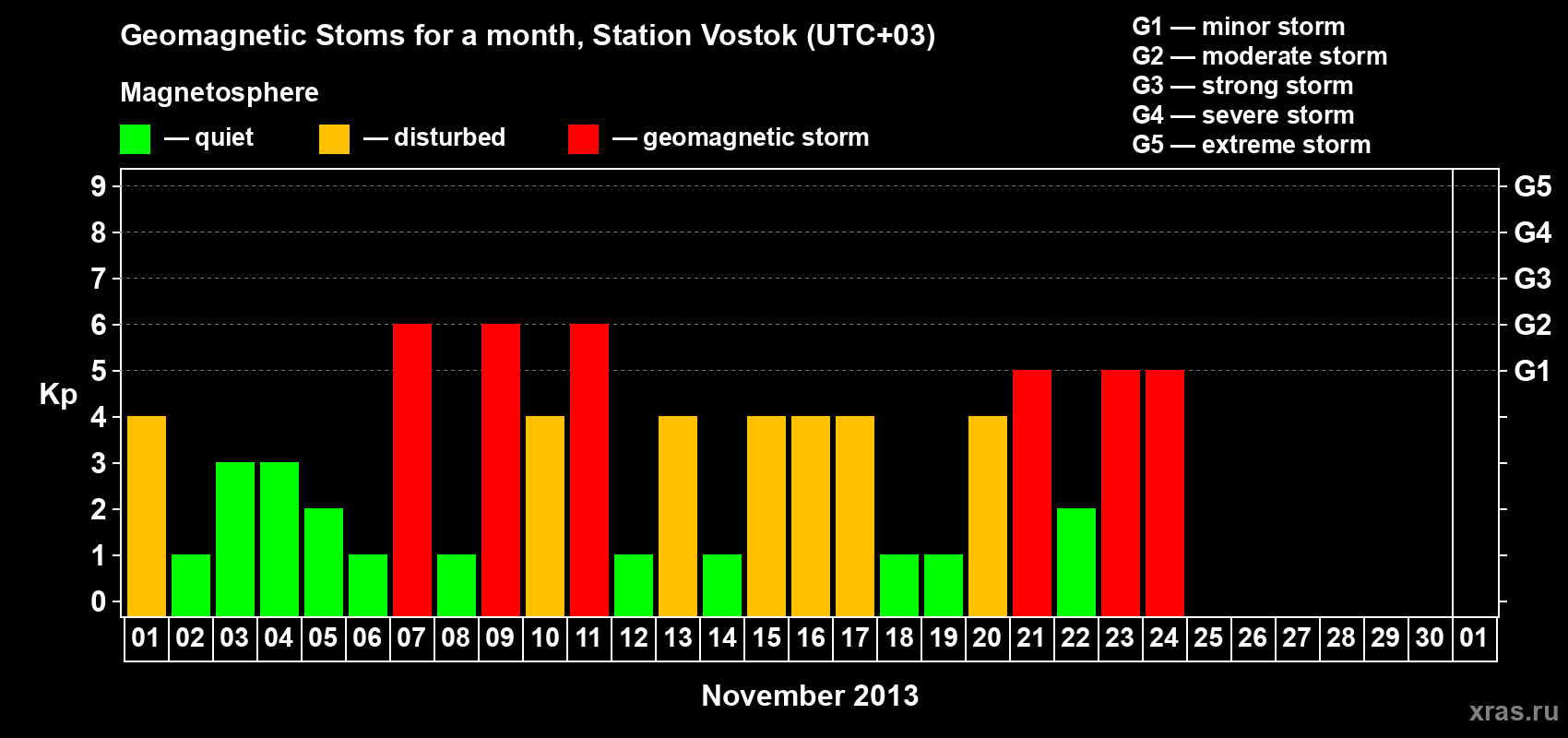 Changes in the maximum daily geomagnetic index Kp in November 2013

...

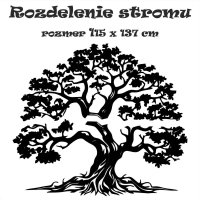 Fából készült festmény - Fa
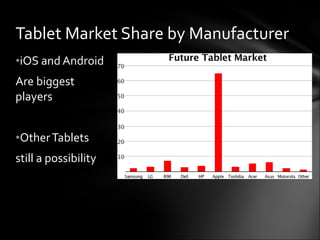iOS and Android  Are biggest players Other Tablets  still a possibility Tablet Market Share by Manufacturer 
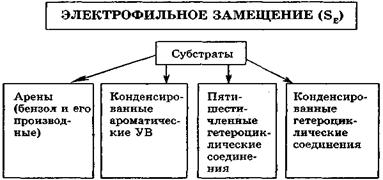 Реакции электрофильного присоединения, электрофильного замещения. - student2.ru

---

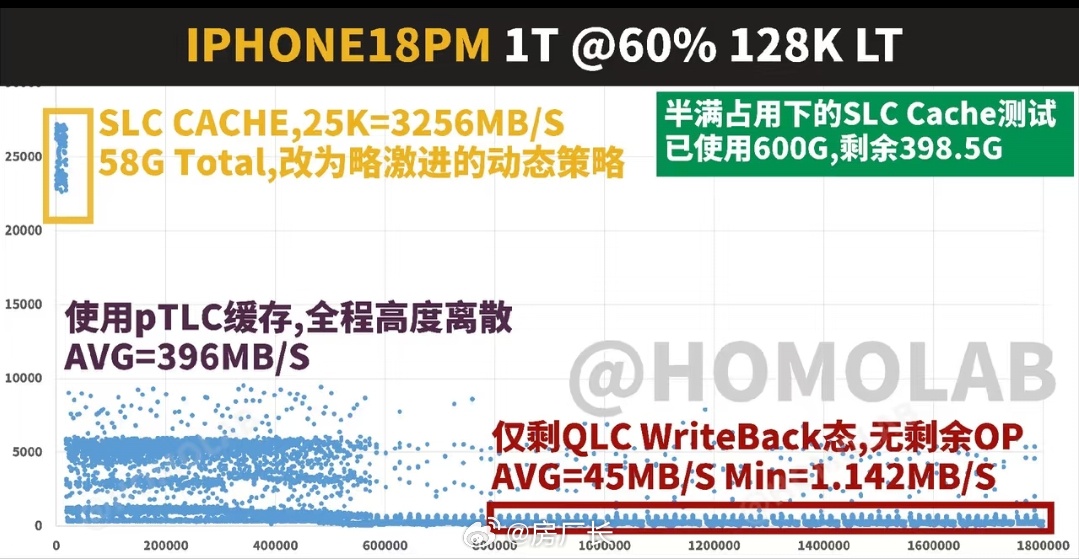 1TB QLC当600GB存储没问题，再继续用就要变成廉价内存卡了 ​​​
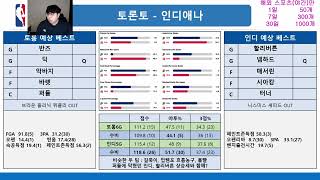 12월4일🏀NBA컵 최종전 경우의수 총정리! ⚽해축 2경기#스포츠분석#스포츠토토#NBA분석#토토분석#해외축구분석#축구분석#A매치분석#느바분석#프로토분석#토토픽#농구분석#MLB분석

### What the task asks
Copy the entries above exactly, but only the stretch from the line containing "iOS and Android" through the line containing "Реакции электрофильного присоединения, электрофильного". Keep both end lines; drop the pictures.

### Solved exercise
iOS and Android  Are biggest players Other Tablets  still a possibility Tablet Market Share by Manufacturer 
 Реакции электрофильного присоединения, электрофильного замещения. - student2.ru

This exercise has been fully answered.